3.1.4. Design of the Power Module

The designed input power of the monitoring node is a voltage of 5–9 V. In the preliminary tests, we can choose the corresponding switch as the power supply. If batteries are needed for providing power, six nickel-hydrogen batteries (7.2 V) or two lithium batteries (7.4 V) can be used as power supply. Besides, the transmitter and motherboard can share the same batteries. The input voltage can be adjusted to a digital power output of +3.3 V through the TPS76333 chip and provide +3.3 V analog voltages after isolated processing. The power module is illustrated in Figure 6.

3.2. Design of Software for the Data Monitoring Node

The development environment for the system software is IAR Embedded Workbench for MSP430, and the programming language is C [10]. The system software can be divided into two modules: the main processor program, which is responsible for processing the water environment parameters collected by the sensors, and the ZigBee wireless communication program, which is designed for receiving and sending the water environment parameters. The integration of the two modules enables the nodes to sense, collect, process and transfer the water parameters.
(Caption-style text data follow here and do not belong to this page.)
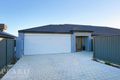 Property photo of 12 Glenora Way Harrisdale WA 6112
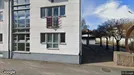 Lägenhet att hyra, Kalmar, &lt;span class=&quot;blurred street&quot; onclick=&quot;ProcessAdRequest(5385320)&quot;&gt;&lt;span class=&quot;hint&quot;&gt;Se gatunamn&lt;/span&gt;[xxxxxxxxxx]&lt;/span&gt;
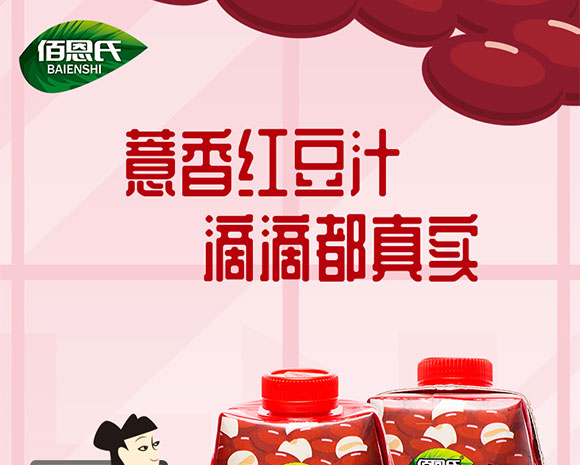 �۶���޲��t��޲�׼t��ֲ֭�����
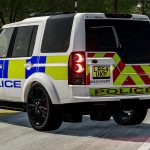 land rover discovery v2.0 fs22 3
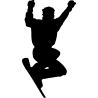 sport 5196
3.2.1. Design of the Master Routine

As the main controller of the whole system, the MSP430F1611’s major responsibilities are initializing the system, receiving and executing the orders and memorizing the water parameters. The flow of the main programs is illustrated in Figure 7.

The operation of the main program of processor can be divided into five parts: (1) Setup the system, including initializing the clock, LED, KEY, RTC, Serial Port, ADC; setup the ZigBee module and switch off. (2) Processor goes into low-power-consumption mode and waits for the switch-off from the serial port. (3) The data input at the serial port will interrogate its breaking off and wake up the processor to resume normal working; it can also identify and operate the data at the serial port. (4) Decide whether the data received at the serial port is useful. If not, the processor shall return the low-power-consumption mode and keep on waiting for the serial port data; if useful, the processor shall decode and identify them and decide the content of the order. (5) As per the content of the order, by controlling the peripheral equipment, the processor sets up the time, measures the water parameters or uploads water quality parameters at a certain time. After the operation, the processor returns to the low power-consumption mode and waits for the data from the serial port.

3.2.2. Design of ZigBee Wireless Communication Program

Table 1. Format of the data frame.

Frame name	Length(Byte)
Lead Frame	4Byte
Start Frame	1Byte
Length Frame	1Byte
Control Frame	2Byte
Serial number	1Byte
Address information	6Byte
Transferring data	nByte
RSSI	1Byte
CRC	1Byte

shows the format of the data frame of the CC2420, which includes Lead Frame, Start Frame, Length Frame, Control Frame, serial number, address information, transferring data, RSSI and CRC [11]. Among the above-mentioned, the first 7 digits of the Length Frame define the length of the data series; the 8th digit should be reserved so that the data series can support 128 bytes at best and any length short of 128 bytes should be complemented with a 0.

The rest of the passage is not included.